- **Work request**: Instruction for the listing below: copy exactly, and only, the lines from the one holding "KHAZNEH Litchi Texture" through its last line, omitting any picture.

- **Recorded data**:
● ● ● ●

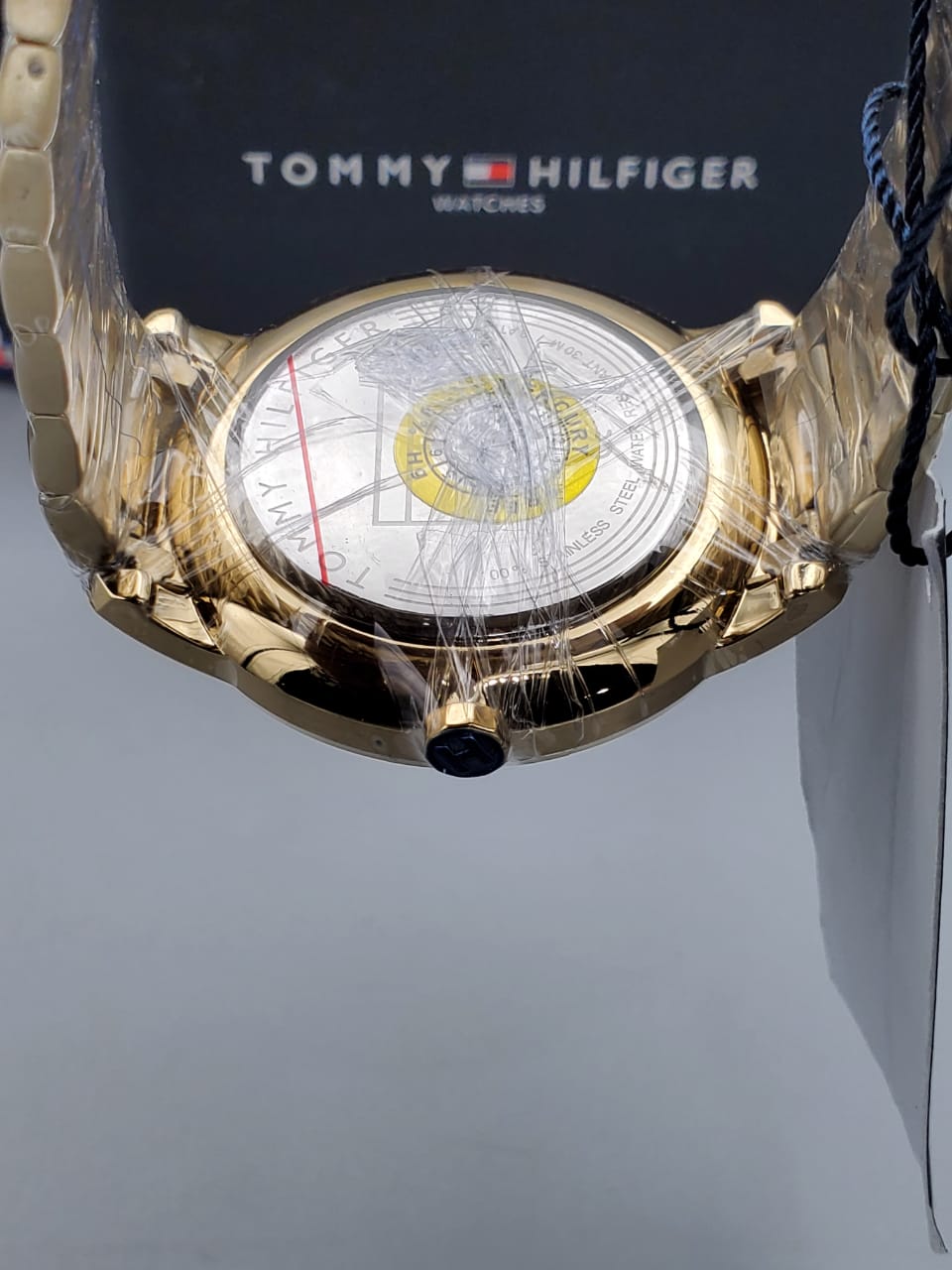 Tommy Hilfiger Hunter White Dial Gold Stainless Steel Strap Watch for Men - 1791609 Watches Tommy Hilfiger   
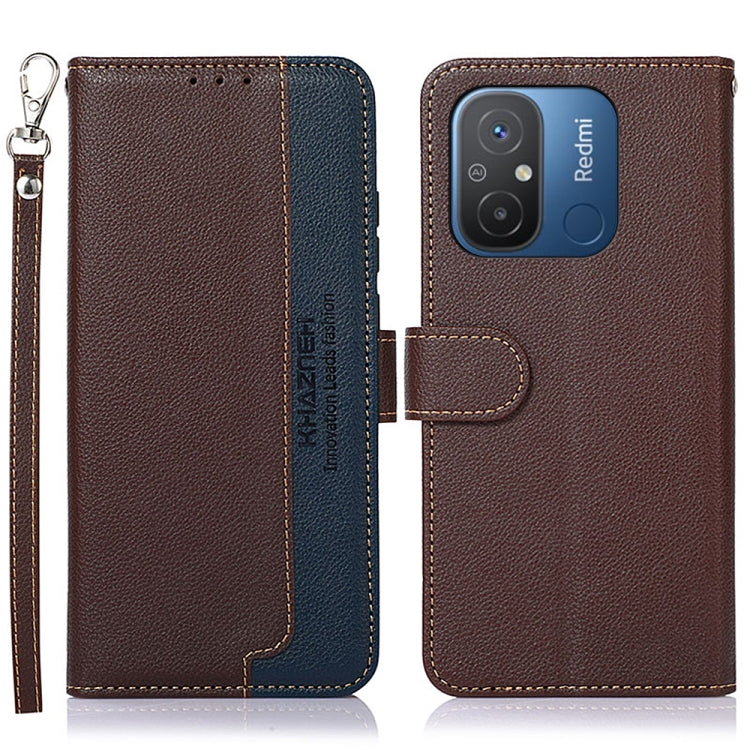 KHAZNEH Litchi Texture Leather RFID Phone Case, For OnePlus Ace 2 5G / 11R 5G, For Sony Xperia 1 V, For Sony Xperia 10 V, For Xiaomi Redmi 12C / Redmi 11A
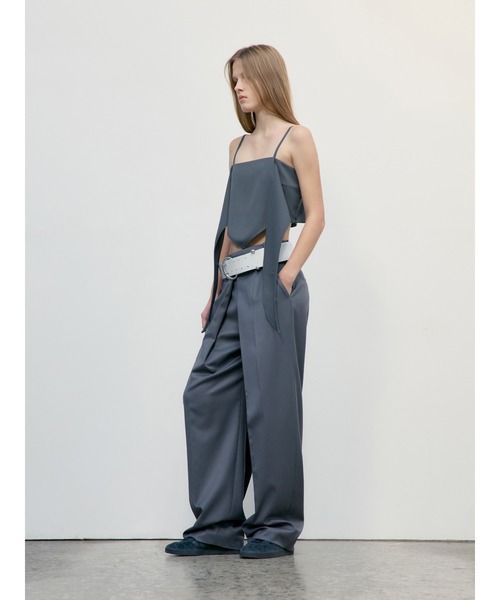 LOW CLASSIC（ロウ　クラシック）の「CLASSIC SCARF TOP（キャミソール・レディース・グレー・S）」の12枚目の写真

● ● ● ●

- **Written answer**:
 KHAZNEH Litchi Texture Leather RFID Phone Case, For OnePlus Ace 2 5G / 11R 5G, For Sony Xperia 1 V, For Sony Xperia 10 V, For Xiaomi Redmi 12C / Redmi 11A
 LOW CLASSIC（ロウ　クラシック）の「CLASSIC SCARF TOP（キャミソール・レディース・グレー・S）」の12枚目の写真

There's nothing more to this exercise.